Housing shortage in Eindhoven, a proposal to shorten the academic year, the call for more concrete measures towards a more sustainable university. The University Council presented the Executive Board with a wide variety of issues on Monday 27 September, along with the question of how the board intends to take action on these matters.
The Executive Board was unable to fully answer most of these questions at this point. Housing shortage will remain an issue for some time, that much was clear from vice-president Nicole Ummelen’s words. The new residential towers on the campus will be completed in 2023 at the earliest. Naturally, the university will continue to communicate with the parties that committed themselves to the new Covenant Student housing in April of this year, Ummelen said.
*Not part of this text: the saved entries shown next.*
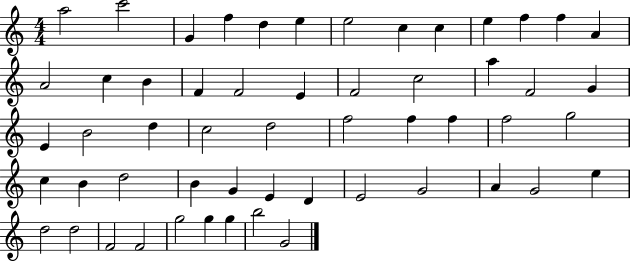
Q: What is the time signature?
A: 4/4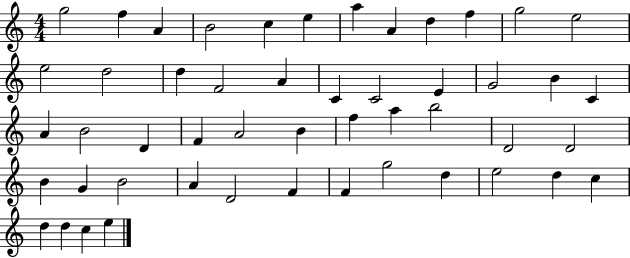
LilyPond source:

{
  \clef treble
  \numericTimeSignature
  \time 4/4
  \key c \major
  g''2 f''4 a'4 | b'2 c''4 e''4 | a''4 a'4 d''4 f''4 | g''2 e''2 | \break e''2 d''2 | d''4 f'2 a'4 | c'4 c'2 e'4 | g'2 b'4 c'4 | \break a'4 b'2 d'4 | f'4 a'2 b'4 | f''4 a''4 b''2 | d'2 d'2 | \break b'4 g'4 b'2 | a'4 d'2 f'4 | f'4 g''2 d''4 | e''2 d''4 c''4 | \break d''4 d''4 c''4 e''4 | \bar "|."
}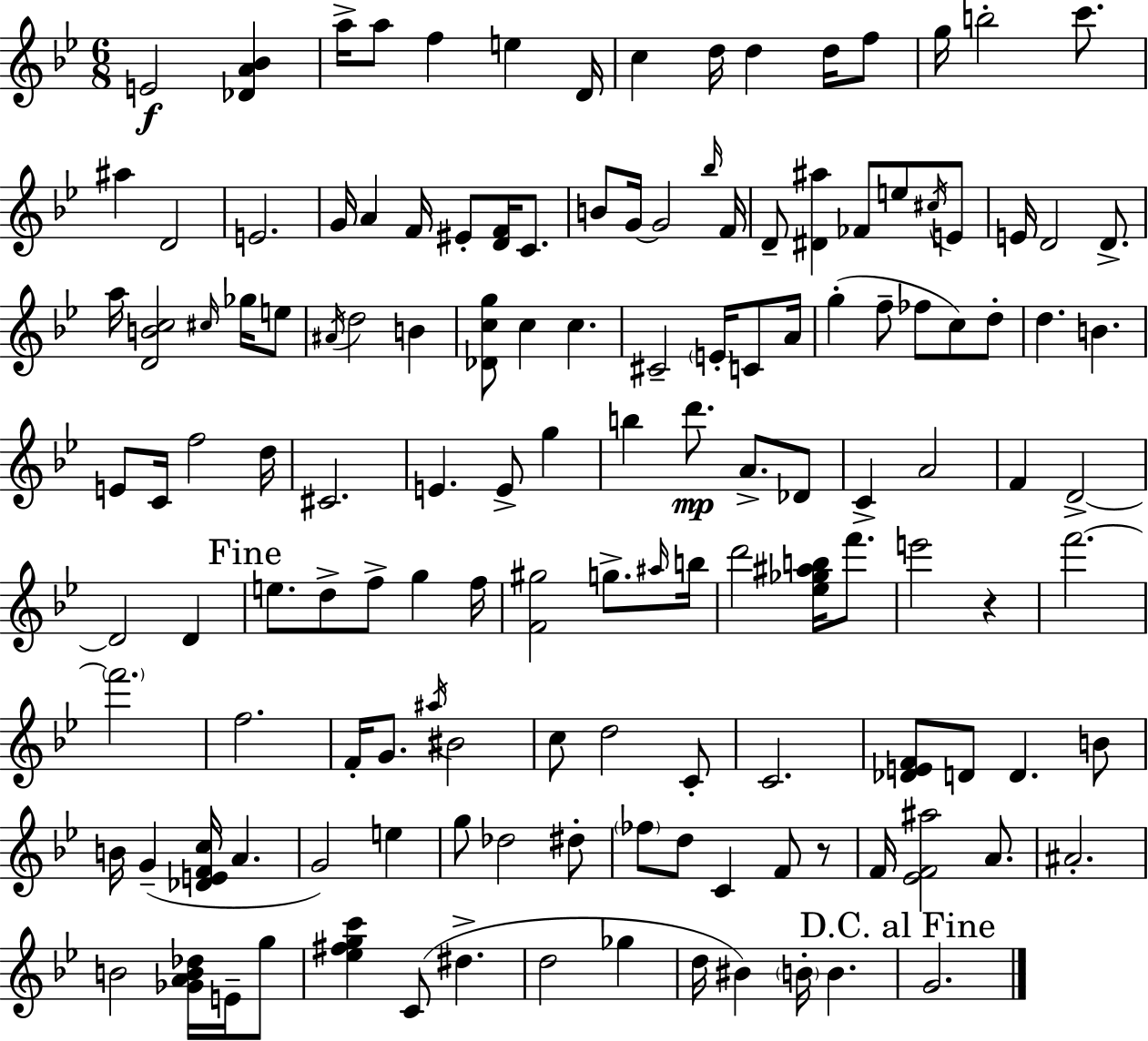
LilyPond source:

{
  \clef treble
  \numericTimeSignature
  \time 6/8
  \key bes \major
  e'2\f <des' a' bes'>4 | a''16-> a''8 f''4 e''4 d'16 | c''4 d''16 d''4 d''16 f''8 | g''16 b''2-. c'''8. | \break ais''4 d'2 | e'2. | g'16 a'4 f'16 eis'8-. <d' f'>16 c'8. | b'8 g'16~~ g'2 \grace { bes''16 } | \break f'16 d'8-- <dis' ais''>4 fes'8 e''8 \acciaccatura { cis''16 } | e'8 e'16 d'2 d'8.-> | a''16 <d' b' c''>2 \grace { cis''16 } | ges''16 e''8 \acciaccatura { ais'16 } d''2 | \break b'4 <des' c'' g''>8 c''4 c''4. | cis'2-- | \parenthesize e'16-. c'8 a'16 g''4-.( f''8-- fes''8 | c''8) d''8-. d''4. b'4. | \break e'8 c'16 f''2 | d''16 cis'2. | e'4. e'8-> | g''4 b''4 d'''8.\mp a'8.-> | \break des'8 c'4-> a'2 | f'4 d'2->~~ | d'2 | d'4 \mark "Fine" e''8. d''8-> f''8-> g''4 | \break f''16 <f' gis''>2 | g''8.-> \grace { ais''16 } b''16 d'''2 | <ees'' ges'' ais'' b''>16 f'''8. e'''2 | r4 f'''2.~~ | \break \parenthesize f'''2. | f''2. | f'16-. g'8. \acciaccatura { ais''16 } bis'2 | c''8 d''2 | \break c'8-. c'2. | <des' e' f'>8 d'8 d'4. | b'8 b'16 g'4--( <des' e' f' c''>16 | a'4. g'2) | \break e''4 g''8 des''2 | dis''8-. \parenthesize fes''8 d''8 c'4 | f'8 r8 f'16 <ees' f' ais''>2 | a'8. ais'2.-. | \break b'2 | <ges' a' b' des''>16 e'16-- g''8 <ees'' fis'' g'' c'''>4 c'8( | dis''4.-> d''2 | ges''4 d''16 bis'4) \parenthesize b'16-. | \break b'4. \mark "D.C. al Fine" g'2. | \bar "|."
}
She also said that the call in the local newspaper Eindhovens Dagblad to make room available to students has helped some thirty students so far.
The appointment of TU/e’s new Sustainability Ambassador Anna Wieczorek needs to boost the university’s sustainability goals, the Executive Board said. But Wieczorek started only recently. And what about the Young Academy’s nice plan for a shorter academic year? Looked quite interesting at fist glance, rector Frank Baaijens said. “We intend to study it, but it must not be at the expense of the quality of our education, and it has to be feasible. We will take it into consideration during the consultation with the departmental deans, which we expect to result in some concrete proposals.”
Drop in rankings
The Executive Board was clearer when it came to TU/e’s drop in various international rankings. A trend that has been going on for some years now. Executive Board president Robert-Jan Smits said that he too is worried about this. Before he stated that Pantea Haghighatkhah, member of staff faction PUR, had asked whether the Executive Board acknowledges the problem and how it intends to address the matter. Is there a plan in place to turn that downward spiral around? Haghighatkhah believes that a drop in the rankings will have a negative impact on the university’s scientific reputation and consequently on its efforts to recruit international students and talented researchers. At the start of this month, TU/e dropped from the top 200 of the university ranking published by British magazine Times Higher Education, which had ranked the Eindhoven university in 104th position only a few years earlier in 2014.
Smits said that a thorough inquiry has to be made first into the exact reasons for this drop. Smits: “What are the most important underlying factors? Because we need to be careful not to take the wrong actions.” Increasing the university’s scientific excellence is a collective responsibility however, in Smits’ view. “I believe, incidentally, that the establishment of our new research institutes and the investments we make in our scientific infrastructure, already increases our chances of recruiting more talent in Eindhoven in the future.”
Smits wants to have a plan in place by the end of the year designed to improve TU/e’s position in the rankings. “But don’t expect it to work this year already, or next year.” The recovery will take more time, the board president said.